/---

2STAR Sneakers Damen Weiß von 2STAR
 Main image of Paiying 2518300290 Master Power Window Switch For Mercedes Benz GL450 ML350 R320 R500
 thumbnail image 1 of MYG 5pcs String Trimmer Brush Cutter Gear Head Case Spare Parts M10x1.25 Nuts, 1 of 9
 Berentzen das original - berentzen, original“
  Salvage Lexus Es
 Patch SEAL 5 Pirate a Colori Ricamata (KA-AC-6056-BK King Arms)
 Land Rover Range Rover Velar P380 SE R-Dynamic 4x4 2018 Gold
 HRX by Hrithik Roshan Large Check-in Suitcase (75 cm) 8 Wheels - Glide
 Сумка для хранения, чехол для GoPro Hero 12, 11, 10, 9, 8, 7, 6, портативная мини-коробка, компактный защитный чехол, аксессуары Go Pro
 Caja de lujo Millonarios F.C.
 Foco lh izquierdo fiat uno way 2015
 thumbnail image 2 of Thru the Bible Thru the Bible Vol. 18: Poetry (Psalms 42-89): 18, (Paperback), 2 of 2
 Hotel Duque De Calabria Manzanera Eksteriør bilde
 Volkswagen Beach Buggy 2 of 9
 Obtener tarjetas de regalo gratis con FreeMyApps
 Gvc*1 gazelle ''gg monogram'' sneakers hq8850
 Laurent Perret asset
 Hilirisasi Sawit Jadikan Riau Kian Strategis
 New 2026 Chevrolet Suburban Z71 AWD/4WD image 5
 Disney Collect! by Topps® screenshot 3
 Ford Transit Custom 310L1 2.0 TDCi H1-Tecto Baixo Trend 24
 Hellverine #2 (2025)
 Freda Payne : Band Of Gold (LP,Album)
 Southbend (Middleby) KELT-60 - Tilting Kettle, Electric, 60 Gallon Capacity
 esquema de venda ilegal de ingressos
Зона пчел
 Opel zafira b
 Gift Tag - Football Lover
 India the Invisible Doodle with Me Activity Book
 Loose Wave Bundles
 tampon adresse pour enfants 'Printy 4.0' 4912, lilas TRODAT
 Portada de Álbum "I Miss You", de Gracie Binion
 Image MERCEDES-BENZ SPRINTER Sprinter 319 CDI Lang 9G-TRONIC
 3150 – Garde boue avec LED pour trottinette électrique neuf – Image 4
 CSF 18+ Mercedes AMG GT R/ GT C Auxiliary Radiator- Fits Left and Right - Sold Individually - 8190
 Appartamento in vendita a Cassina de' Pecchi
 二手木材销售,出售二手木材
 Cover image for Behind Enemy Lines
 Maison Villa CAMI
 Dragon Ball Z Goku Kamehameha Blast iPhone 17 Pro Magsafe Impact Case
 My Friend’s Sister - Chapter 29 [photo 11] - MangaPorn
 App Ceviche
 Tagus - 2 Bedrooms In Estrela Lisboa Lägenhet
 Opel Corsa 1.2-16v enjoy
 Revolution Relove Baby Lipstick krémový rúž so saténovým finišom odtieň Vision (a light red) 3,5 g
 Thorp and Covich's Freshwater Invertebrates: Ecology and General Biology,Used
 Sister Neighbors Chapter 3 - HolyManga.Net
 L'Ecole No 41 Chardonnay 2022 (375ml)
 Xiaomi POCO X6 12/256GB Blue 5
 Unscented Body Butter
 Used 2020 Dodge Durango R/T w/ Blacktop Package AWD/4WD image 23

\---

◆ **Prompt**
Show every line in the records above that contains the word "Chapter".

◆ **Result of the task**
 My Friend’s Sister - Chapter 29 [photo 11] - MangaPorn
 Sister Neighbors Chapter 3 - HolyManga.Net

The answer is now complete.